The additional tax on outgoing flights will be invested back into eco-friendly transportation infrastructure.

By Kelly Vaughan
July 10, 2019
Colin Anderson Productions/Getty Images

French officials announced that they will begin charging an ecotax on all outgoing flights starting next year. The ecotax, which will add an additional fee of up to $20 on airline tickets, is said to help fund eco-friendly transportation infrastructure, such as rail lines. "With the eco-contribution, air transport will play its part in financing the daily transport of all our citizens," Elisabeth Borne, a French transportation official, said in a translation by NPR. Borne explained that the ecotax comes as a "response to the ecological urgency and sense of injustice expressed by the French."
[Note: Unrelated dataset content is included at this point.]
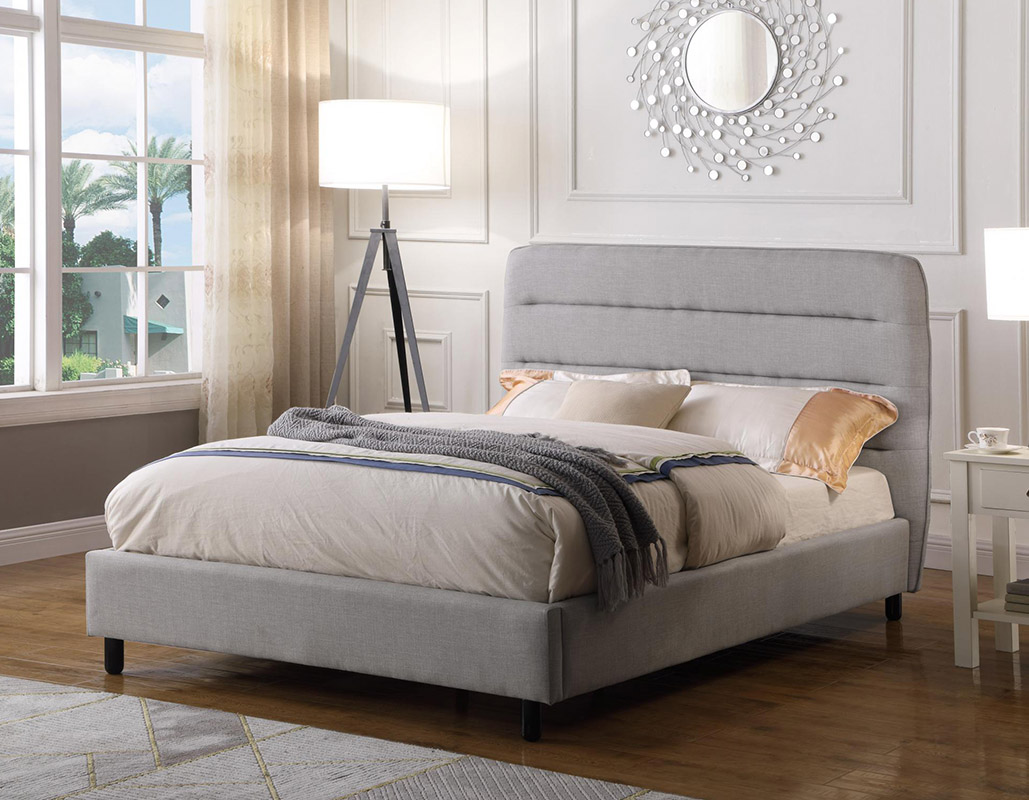 Contemporary grey fabric bed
The new green tax is estimated to bring in approximately €180 million (or $200 million) annually and will be used toward the development of less pollutant transportation systems, which will include trains. The tax will only apply to domestic flights departing from France, with the exception of flights to Corsica, France's overseas territories, and connecting flights. France estimates the tax will cost €1.50 for economy tickets, €9 for business class, and up to €18 for business flights outside of the European Union.
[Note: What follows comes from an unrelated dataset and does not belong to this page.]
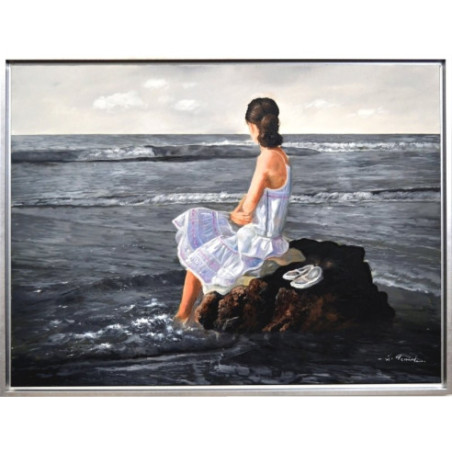 Cuadro paisaje marino con Chica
Air France, the country's leading airline, called the measure "extremely penalizing" for the company. "This tax would represent an additional cost of over 60 million euros per year for the Air France group," Air France said in a statement. After the announcement on Tuesday, Air France's stock price took a 3% tumble.
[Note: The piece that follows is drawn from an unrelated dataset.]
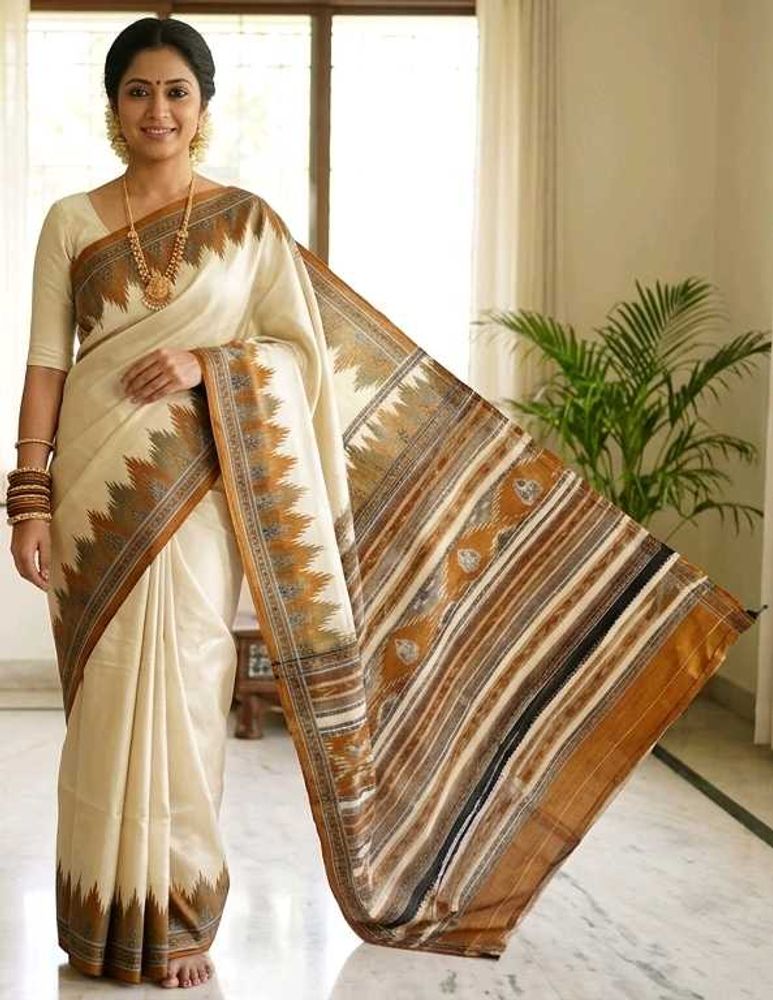 Elegant Cream Saree with blouse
France is not the first country to roll out an ecotax. Germany launched a similar ecotax in 1999 and remains controversial as the country's fuel and heating oil prices have risen significantly in the past two decades. In 2018, Sweden also announced an ecotax on air travel. It's clear that the French government is making a big push to protect the environment. The country's leaders also announced a ban on all plastic utensils, plates, cups, and boxes that are petroleum-based by 2020.